Despair, But Hope

Another thing that has stuck out to me is just how many children there are, and how many children there are that don’t have love or a source of love in their life. They yearn for affection and crave for our love. Even from strangers, they are open to accepting our love because they desperately want it, and want acceptance, that respect, and that affection. The whole trip has been memorable, but one of the first ones was on the first day we handed out beds at the second distribution site outside of Gulu. There was a boy that came up to me and I was just loving on him and playing with him and he was sitting in my lap. It was just giggles and fun. Then December, the Health Alert Director, came up to me and said, “Oh look. You have a kid. How great.” And I was thinking, “Oh no, his mom probably loves him too much and is worried about him.” but December told me, “Oh no, he is an orphan.” and it broke my heart.
 I’d like to say that it didn’t get my spirits down, but it did because it was so sad to know that this precious baby, who was maybe 2 or 3 years old didn’t have a parent to go home to, and didn’t have somewhere to go home to at night. He was pretty much on his own. That really stuck out to me and I really felt blessed to give him the opportunity for a bed and love. And at the same time it was so sad because I could only love on him for those moments. I couldn’t fix his not having parents. Realizing that so many children were orphans, I was so much more eager and on fire the next day just to love. Because if these children don’t have parents to love them, they have to know love somehow, somebody to care for them. That is something that all kids need. So, the next day I was so eager. I couldn’t wait to get out there and find a kid and give that kid my whole heart for those few moments, so that maybe, just maybe they would know love and fill that void they might have from not having a parent.

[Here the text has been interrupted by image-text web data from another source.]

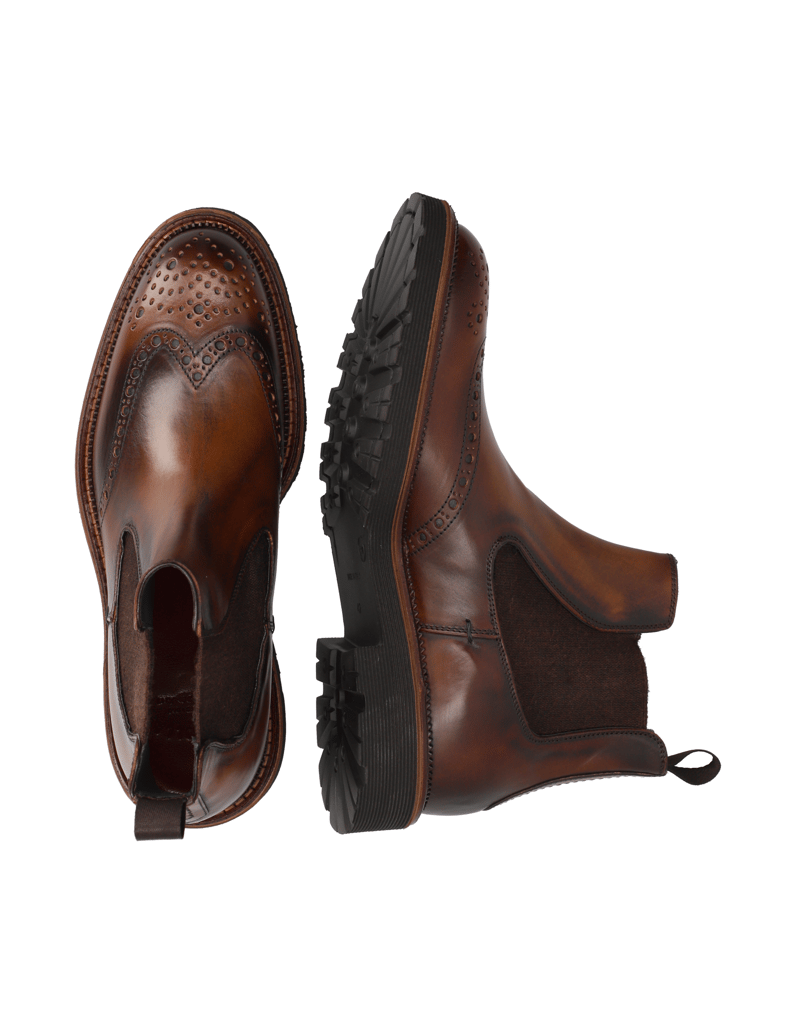 D.H.Pollak-Glattleder-Chelsea-schwarz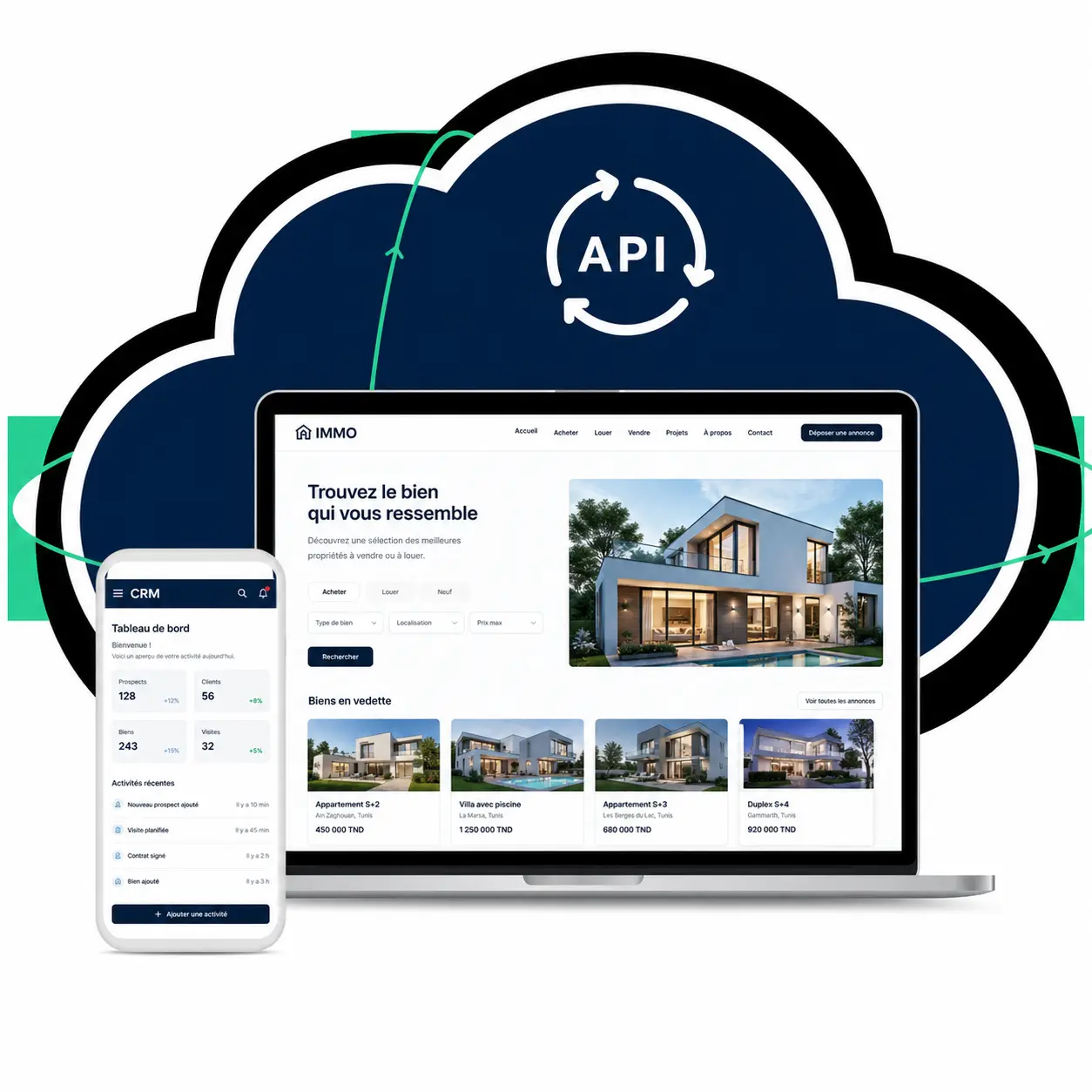 Logiciel & CRM immobilier pour les agences immobilières en Tunisie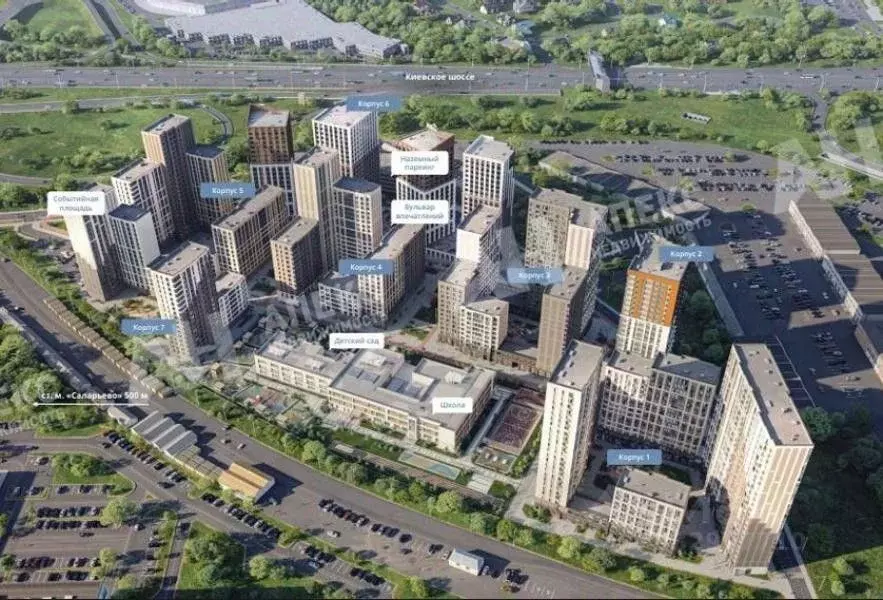 Помещение свободного назначения в Москва № 70 кв-л, 6 (147 м) - Фото 2
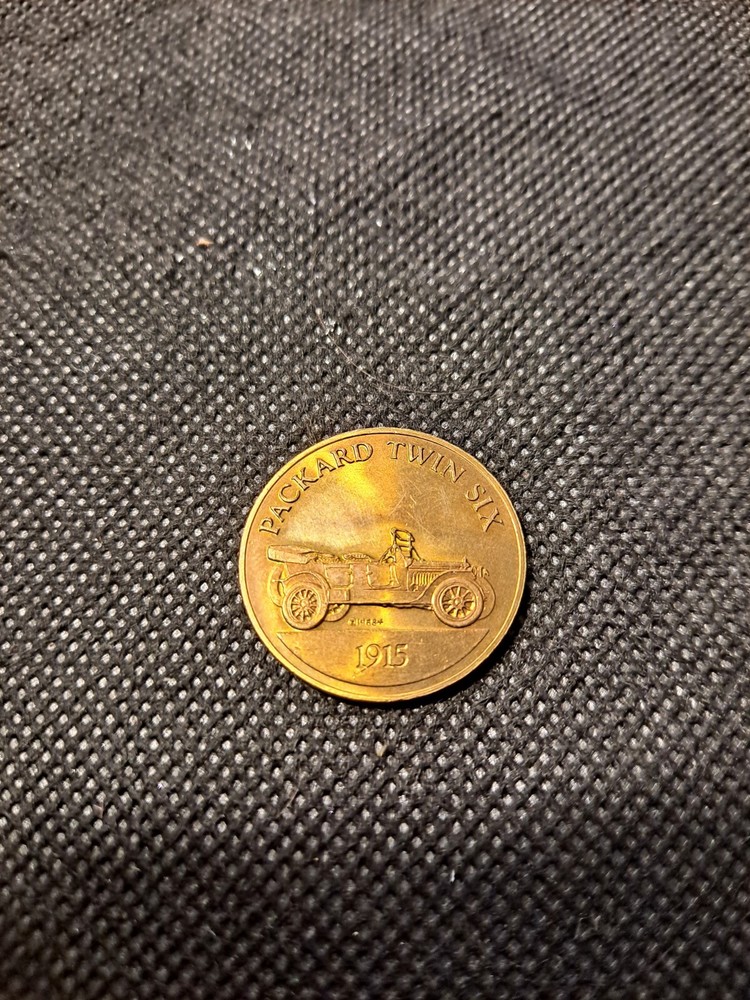 1915 PACKARD TWIN SIX CAR TOKEN! e6314UXX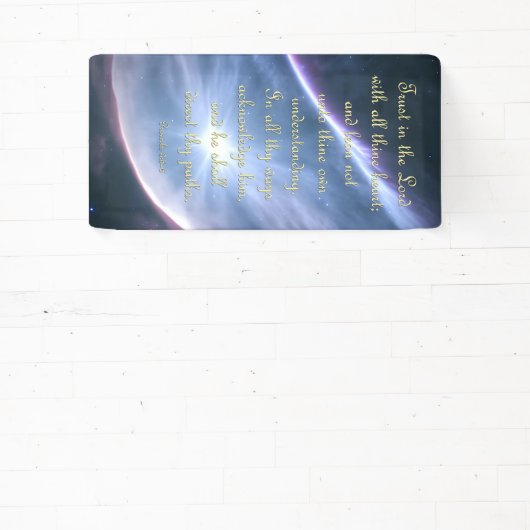 Aanmoedigingsbanner - Proverbs 3:5-6 Spandoek (Insitu)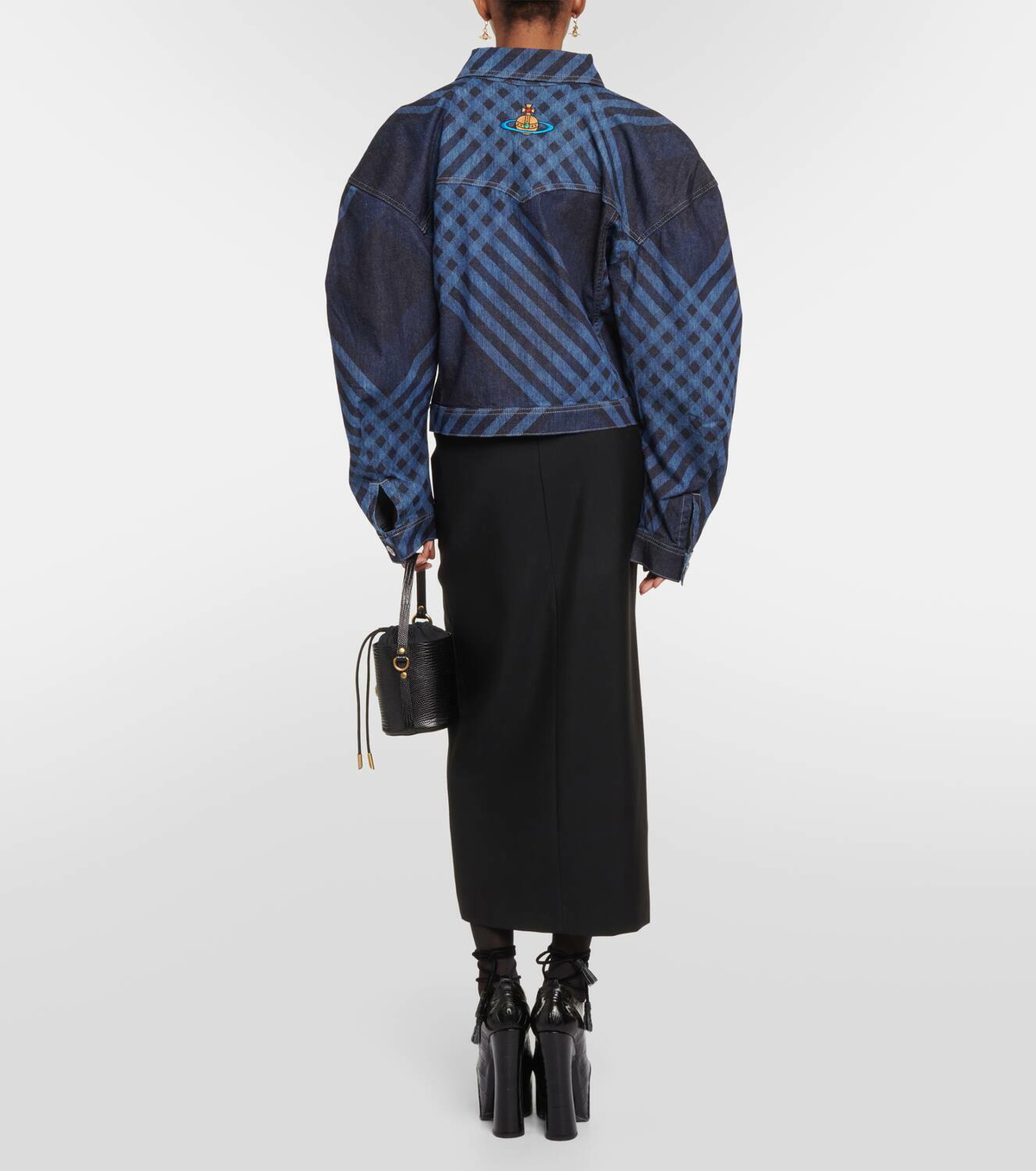 Vivienne Westwood Checked jean jacket Vivienne Westwood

On this Sweet Sleep journey, I’ve been able to show love and I’d like to say that I witnessed, but only through translation. But I’ve been able to witness and show love to these people and I don’t even speak the same language as them. I can’t walk up and start a conversation with them, so my entire witness has been through my smile, my handshakes, and just playing with the children. So knowing that I can show love and that I can witness to people without using my words, and I’m a person that talks a lot, it gives me a fire and a hope that I can do it at home. Why can’t I witness? There is nobody that I shouldn’t be able to witness to, because if I can do it without talking, then I can for sure do it if I speak the same language. So I think that this trip has just opened my eyes to opportunities to witness that I haven’t looked at before this trip. One thing I’ve really noticed this week, the one thing that has really hit my heart is how much I take for granted. Sometimes I’ll just look at my life and think that I have it bad. No, I have it GOLDEN, and I’ve never taken the time to appreciate that and this trip has really helped me to appreciate all that I have. Whether it be the love of my friends and family, especially my parents, seeing all the orphans makes me appreciate all the love that I have. It’s just shown me not to take anything for granted because there really are people that would love to have everything that we have, or just anything at all. I’ve learned to stop and take a look at myself and try not to be just another selfish American, and try to be a good witness like Jesus told us to.